··· Data excerpts

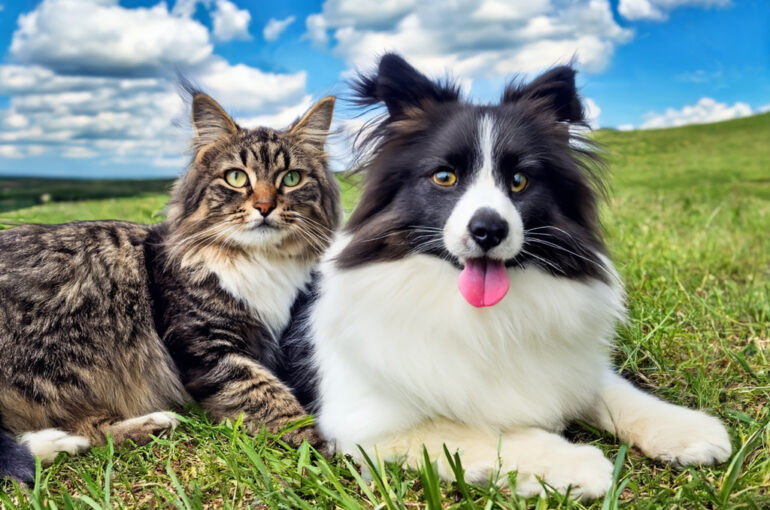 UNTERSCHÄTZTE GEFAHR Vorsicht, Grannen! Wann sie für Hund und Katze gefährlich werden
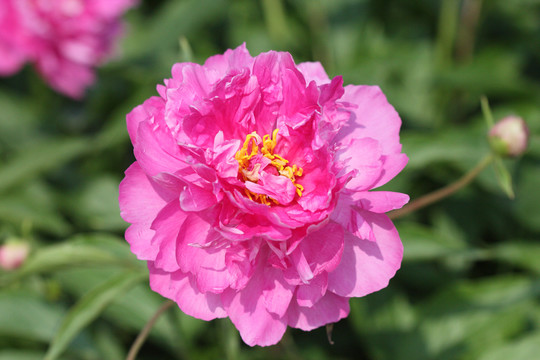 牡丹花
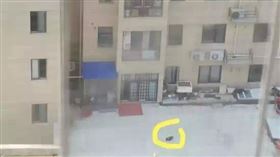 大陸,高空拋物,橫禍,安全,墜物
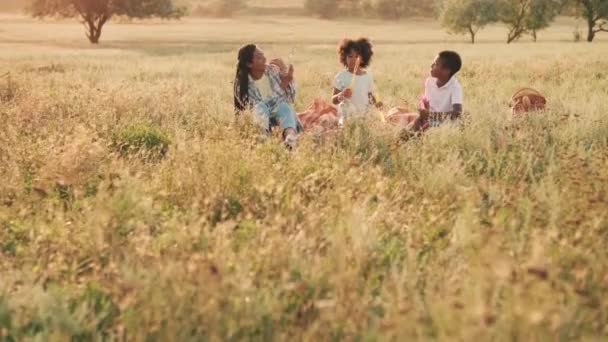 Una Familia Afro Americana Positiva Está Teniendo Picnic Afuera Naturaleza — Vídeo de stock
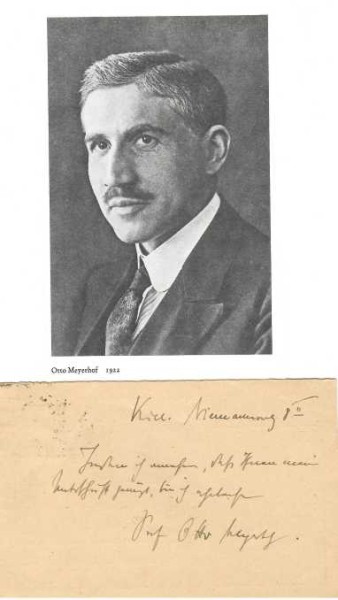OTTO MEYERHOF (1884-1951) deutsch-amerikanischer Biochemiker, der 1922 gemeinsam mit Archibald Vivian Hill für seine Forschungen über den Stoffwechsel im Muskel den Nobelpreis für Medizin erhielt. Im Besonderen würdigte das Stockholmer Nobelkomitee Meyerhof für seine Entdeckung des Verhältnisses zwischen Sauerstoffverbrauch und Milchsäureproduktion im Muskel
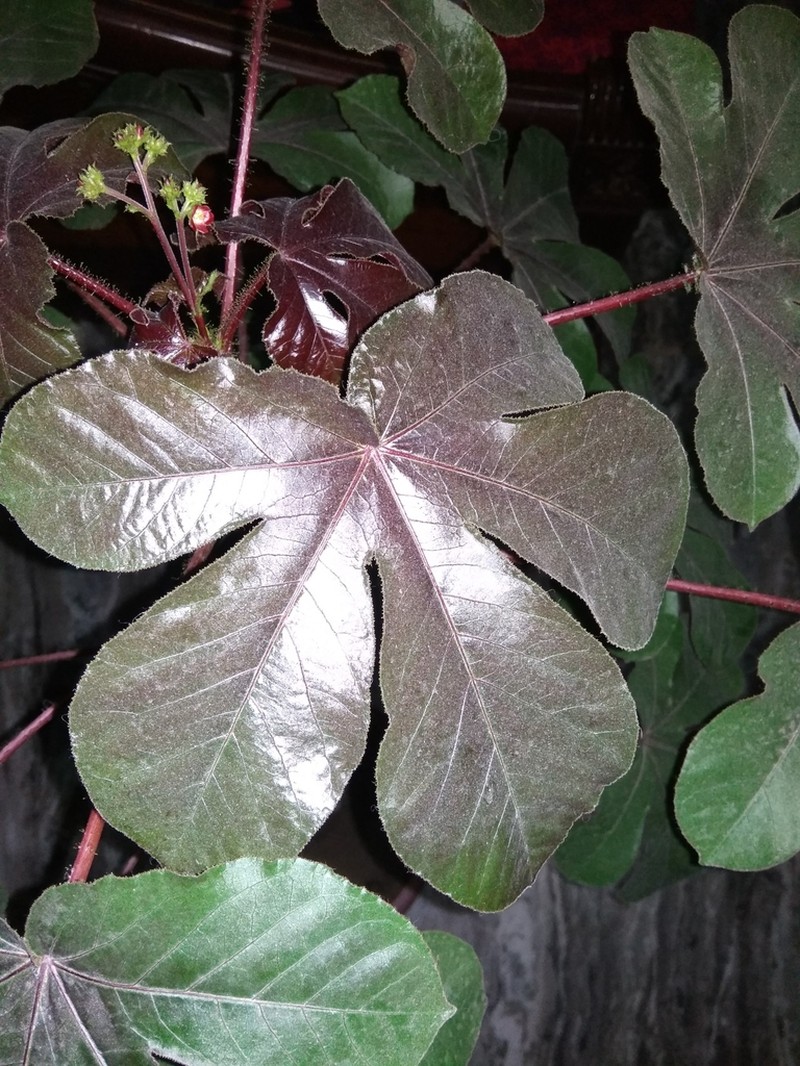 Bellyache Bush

······

- _Assigned task_: Write out exactly and only the lines that run from the start of the data above through the line containing "Una Familia Afro", leaving the pictures out.

- _Response box_:
 UNTERSCHÄTZTE GEFAHR Vorsicht, Grannen! Wann sie für Hund und Katze gefährlich werden
 牡丹花
 大陸,高空拋物,橫禍,安全,墜物
 Una Familia Afro Americana Positiva Está Teniendo Picnic Afuera Naturaleza — Vídeo de stock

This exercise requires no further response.